To think forward about product design education situated in the 21st century and specifically in Kentucky and at UK, Dean Mitzi Vernon held a Product Design Roundtable in September, inviting deans from tangential colleges across UK as well as external academic leaders and industry professionals to help conceptualize the new program. “There is a palpable opportunity to do something very specific with medical device development and healthcare service in the product design realm,” explained Dean Vernon. “With UK’s distinguished healthcare campus as our neighbors, we have the resources to develop a product design graduate program that offers students a unique career path. And there is no formal degree offering for undergraduate product design in the Commonwealth. We can do both.”
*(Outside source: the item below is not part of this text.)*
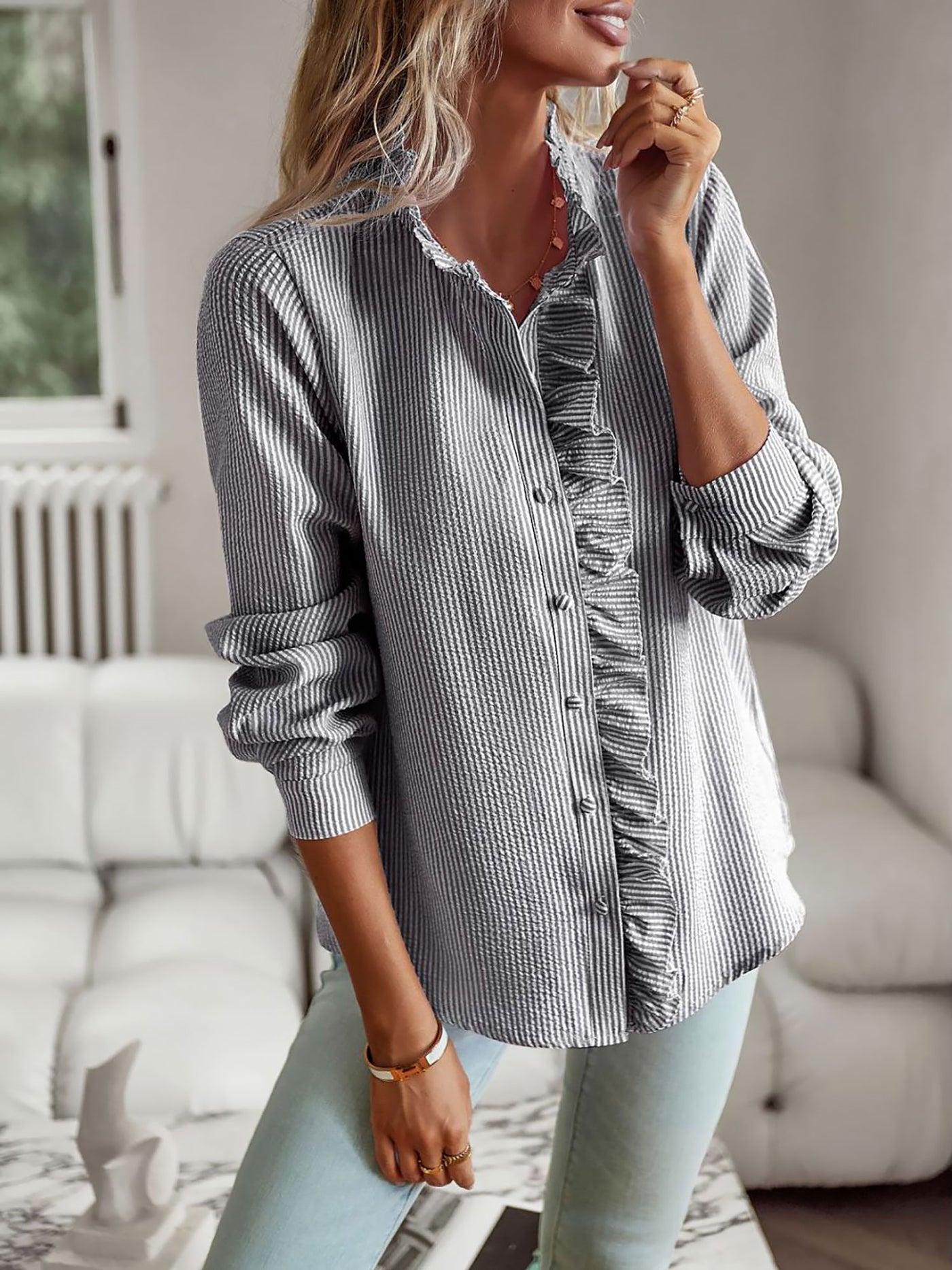 Allegra K Striped Ruffled Textured Long Sleeves Button Down Shirts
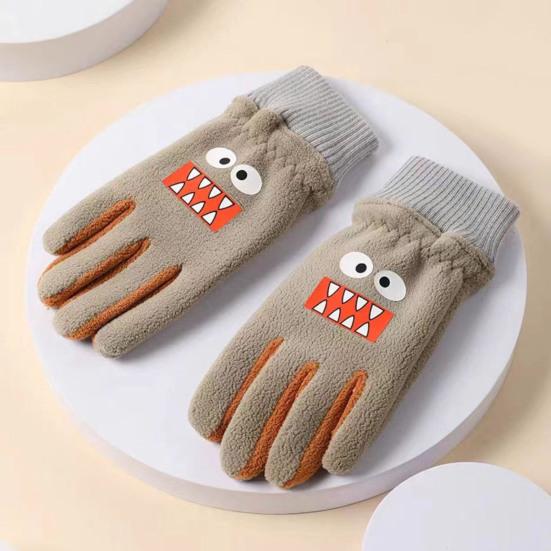 Kids Winter Gloves Windproof Cartoon Ski Gloves with Elastic Cuffs Cold Weather Warm Gloves for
Hartley Feld, RN PhD(c), College of Nursing faculty, was excited to see more opportunities for nurses and nursing students to apply their knowledge of the community and patient care environments to innovations in product design. “[Nurses] have a unique vantage point to identify design that could improve the safety, health and well-being of their patients,” said Feld. “Many nurses are out-of-the-box thinkers, but may not have the opportunity to see themselves as innovators. This new design program has amazing potential to engage a new generation of inter-disciplinary healthcare professionals.”
Dr. Guigen Zhang, professor and Chair of the Department of Biomedical Engineering (BME), was one of the academic participants in the two-day roundtable. For Dr. Zhang, the cross-disciplinary opportunities with the College of Design are an obvious extension of BME’s long-term plans. “I see joint efforts between the BME Department and the College of Design, as well as other colleges, would allow us to take advantage of the existing strengths on campus to quickly build new programs,” he said. “This will attract and retain more students, including women and underrepresented minorities, to learn, work and earn to their full potential.”
Admittedly, the similarities of design and engineering took him by surprise. “In my outdated view, an engineer was bounded by constraints, but a designer had no such boundaries,” said Dr. Zhang. “This view was shattered by my experience attending the Product Design Roundtable. To my surprise, not only does the designer face the same constraints as the engineer does, but the designer is also concerned about the human acceptance of a product, a tall order.”
Yet it’s this emphasis on the human-centric angle that appeals to industry professionals such as Bryce Rutter, a renowned international expert in ergonomics for product design and founder & CEO of Metaphase Design Group who also attended the roundtable.
“Developing the well-rounded designer who understands the fundamentals, design-thinking skills and ergonomics of design is crucial,” said Rutter. “With the College of Design interacting with engineering and the medical school, it has a lot of traction. You’ll get people already predisposed to want to go to a university that has these interdisciplinary facilities.”
And if you nurture these types of students, they will evolve into professionals teeming with the skills companies are looking for.
Having held leadership roles in design at Proctor & Gamble, Yamilca Rodriguez is now a principle in Louisville Bespoke, where she guides emerging designers in both design and business.
“The need for more innovation, incubators and start-ups are crucial to the development of cities in Kentucky,” explained Rodriguez. “With the Product Design program [at the College of Design], I believe Kentucky will benefit from companies moving to Kentucky with the workforce that is needed.”
With the backing of numerous academic and professional innovators after this two-day think tank session, the College of Design is ready to take the next steps to mobilize this new venture, ensuring the longevity and planned growth for the college.